The man in the stands: Todd Kalas is the smiling face of the Tampa Bay Rays

Todd Kalas, the smiling face of the Tampa Bay Rays.

click to enlarge HAVING A BALL: Kalas on the field before the Texas Rangers game Aug. 16. - Todd Bates
Todd Bates
HAVING A BALL: Kalas on the field before the Texas Rangers game Aug. 16.

The pitcher throws a curveball out of the strike zone: ball one.

Next he throws a 92 mph pitch, fouled off: strike one.

Finally, Matt Garza throws a 91 mph, four-seam fastball and the Detroit Tigers' Ramon Santiago swings, sending the ball flying into right field to be caught by the outstretched hand of the charging Ben Zobrist.

Out #3.

Matt Garza has just thrown the first no-hitter in the history of the Tampa Bay Rays. He is mobbed by joyous teammates with congratulations, met first by an Evan Longoria bear hug and, soon after that, by a man with a microphone: Todd Kalas, the ever-smiling, ever-tanned in-game reporter for Sun Sports and Fox Sports Florida.

For the thousands watching at home, Kalas serves as the direct link between the fans and the team; he gives them the inside scoop before the game, talks to the players afterwards and helps illuminate the outcome. And as the Rays' man in the stands, the self-described "conduit" for a team that's having trouble filling those stands, he plays a role that's potentially as important as that of the guy in the broadcasters' booth. Because, while attendance at the Trop remains problematic, TV ratings for the Rays have skyrocketed: through July, the Rays on Sun Sports are averaging a 5.7 TV household rating in the Tampa/St. Pete market — a 73 percent increase over last year's average of 3.3. That means one in every 18 Bay-area folk is watching, as opposed to 2009's one in every 30, which was itself a jump from the year before.

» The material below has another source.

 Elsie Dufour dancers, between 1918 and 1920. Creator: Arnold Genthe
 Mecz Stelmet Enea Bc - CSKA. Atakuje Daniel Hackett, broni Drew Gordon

And that means one in every 18 Bay area residents is watching — and by all accounts, liking — Todd Kalas.

Yet Kalas is also something of a paradox; Rays fan feel like they have a personal relationship with him, yet they know little about him personally. Is his upbeat demeanor for real? What was it like entering the baseball biz as the son of one of the most famous broadcasters ever? And what if he were to win his dream job?

Kalas doesn't have too many bad days at the office. But having worked alongside the Rays organization for its entire 13 years (in addition to his current duties, he has filled in as play-by-play announcer and color analyst for both the TV and radio broadcasts), he remembers the Devil Rays' hellish opening decade.

"There were a few days there, when our high-water mark was 70 wins for the first 10 seasons, when you're just like, 'Man, I wish I could just have the night free and do my own thing,'" Kalas recalls.

He used to patrol the stands of rival ballparks with a mic flag that said "Rays" on it, making him an easy target for the harassment of Yankees and Red Sox fans. Perhaps it's because these days his microphone is different — emblazoned with "Fox Sports" — that he gets less abuse. Or, perhaps it's something else.

"It's eventually gotten better in the last three years," Kalas explains. "We're getting more respect."

And as host of the Rays Live! pre- and post-game shows as well as in-game reporter, Kalas is getting more and more notice.

"I get asked a lot, 'Hey, what's Todd Kalas like? Is he as nice as he is when he's out and about?'" says co-worker and broadcast partner Brian Anderson. "I'm like, 'Bro, that's it. That's the guy I know.'"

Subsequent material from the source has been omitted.